I think it was Vention1MGTOW who said, "loneliness is a form of horniness", and "sex with a condom has no point [you can't feel shit], and sex without a condom is suicidal."
Using a vagina to masturbate with is... disappointing (for me, not for them - which is unfair, if you ask me).
Having been circumcised (and numerous scars from when I was younger), I suspect that I have less sensation anyways.
So much of a person is their biology (their natural drives, which are given voice, and post hoc justifications/moralization). I am mellowing with age, and it's good to have that self control back (I feel like a child again - quick to learn, fast to bounce back, and playing at life with the serious known only to a boy).
I can fully understand how a younger, hornier man would make a moral argument about fucking bitches being God's first commandment, metaphorically speaking. I could see a white supremacist calling me a traitor to my race for not breeding (again - so much of a person is their physical constitution that I expect people to justify their base urges). I could see a woman calling me a "manchild", considering her need for a hard dick to volunteer to protect and provide for her, and possibly give her genes some ripe seed (her constitution would view me as a tragedy - a waste - and very disposable... perhaps even a threat to her stable).
Thankfully, I'm an outsider in many ways; the perspective is nice. I get to see the forest past the trees - and the perspective builds upon itself... the more I see, the less I want to be a part of other people's [read: bp's and women's] lives.
In fact, I suspect that MGTOW only ever appeals to someone whose libido is waning (hence the 30-somethings in the crowd, despite having been a MGTOW since my mid 20s - I still consider myself less driven by pussy on a biological level... which allowed me to even entertain the idea of going my own way). The genetic predisposition for the distribution of testosterone receptors may have have far-reaching effects on a man's personality in subtle ways. Am I an athlete because I was born to it, and so gravitated toward rigorous exercise? Or does causation flow backwards? Did I choose to be who and what I am, or am I constituted as a man, thusly?

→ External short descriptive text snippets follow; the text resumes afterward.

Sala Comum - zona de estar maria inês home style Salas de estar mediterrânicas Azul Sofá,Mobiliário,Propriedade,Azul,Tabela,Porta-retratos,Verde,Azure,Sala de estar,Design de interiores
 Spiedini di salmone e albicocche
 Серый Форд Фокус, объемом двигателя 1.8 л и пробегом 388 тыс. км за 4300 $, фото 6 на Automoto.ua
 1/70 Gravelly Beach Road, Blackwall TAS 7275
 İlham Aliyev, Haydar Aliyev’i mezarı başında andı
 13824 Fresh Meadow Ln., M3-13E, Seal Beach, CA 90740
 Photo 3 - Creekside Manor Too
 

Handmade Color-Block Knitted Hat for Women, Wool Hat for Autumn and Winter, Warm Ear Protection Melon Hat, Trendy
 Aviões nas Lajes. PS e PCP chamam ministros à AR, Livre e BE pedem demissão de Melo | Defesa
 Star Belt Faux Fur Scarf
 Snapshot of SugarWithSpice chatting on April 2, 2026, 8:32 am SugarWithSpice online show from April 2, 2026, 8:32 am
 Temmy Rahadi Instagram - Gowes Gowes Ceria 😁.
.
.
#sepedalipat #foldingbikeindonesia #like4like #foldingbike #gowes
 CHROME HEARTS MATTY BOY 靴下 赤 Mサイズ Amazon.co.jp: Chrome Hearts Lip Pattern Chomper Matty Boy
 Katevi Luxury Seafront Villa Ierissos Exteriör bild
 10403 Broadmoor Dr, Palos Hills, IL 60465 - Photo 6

Regardless, I am a man, and now so many things make sense to me... It's like This American Life's episode 220: Testosterone... wherein, a woman underwent a sex change and took massive amounts of testosterone, and had a strange side effect of loving/understanding the science of physics in a way he [she] had never had before...
Women will never understand - they can't - it isn't in their physical constitution to understand, and, thus, I am set apart from women already... whether I "choose" to ghost them or not.
I am alone - and I wouldn't have it any other way.
This is the true male privilege.
Thank you for your time, sorry if it rambled; I wrote this selfishly, and for my own good, but hopefully you liked it.